The strong message from Beijing assumes greater significance in the backdrop of frayed Pakistan-US ties and the difficulties in negotiations for reset in the relationship and resumption of blocked Nato ground supply routes.
This is not the first time that China has come to Pakistan’s rescue in dealing with the US. Soon after Osama bin Laden’s killing in Abbottabad raid, the Chinese foreign ministry had come out with similar expression of backing for Islamabad, which was then under attack for failing to locate Al Qaeda chief living close to the military training academy.
Last week’s Nato summit in Chicago saw the two allies (Pakistan and US) drifting further apart instead of some of the contentious issues being resolved. President Barack Obama, who refused a bilateral meeting with his guest Mr Zardari, made no secret of his frustration with Pakistan as he omitted it from the list of countries he thanked for supporting the military effort in Afghanistan and pointedly asked Islamabad to cooperate.
Mr Jiechi, while underscoring the significance of his statement, said the evolving international situation warranted stronger strategic cooperation between China and Pakistan.
The Chinese FM had at the start of his comments said that he was in Islamabad to further strengthen and push forward the strategic partnership Foreign Minister Khar, whose remarks were otherwise full of platitudes, noted that both Beijing and Islamabad had a “clear and similar vision for this region” based on respect for sovereignty, territorial integrity and independence.

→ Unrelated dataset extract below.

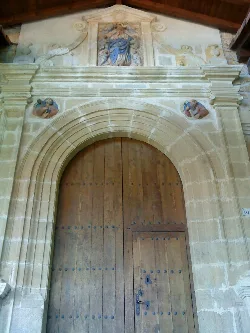 Church facade with stone arch and sculptures.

Both Prime Minister Gilani and President Zardari thanked the Chinese leadership for their support.
Mr Jiechi, during his meeting with Prime Minister Gilani, said that China had also asked the US and India to normalise relations with Pakistan and respect its “legitimate interests”.
Mr Gilani told Mr Jiechi that Pakistan was re-negotiating the parameters of relationship with the US on the basis of mutual interest, mutual respect, sovereignty and national dignity.
Two rounds of discussions were held at the presidency. President Zardari first had a one-on-one meeting with Mr Jiechi, which was followed by talks between the two delegations.
One of the issues on Chinese FM’s agenda for Islamabad was the coming visit of President Zardari to China next month and his participation in SCO Summit.
Mr Zardari said Pakistan saw China as a source of regional stability. He further said Pakistan and China could work together for promoting regional stability and development.
The president said Pakistan fully endorsed China’s call for the SCO and existing multilateral mechanisms to play their role for promoting peace, stability and development.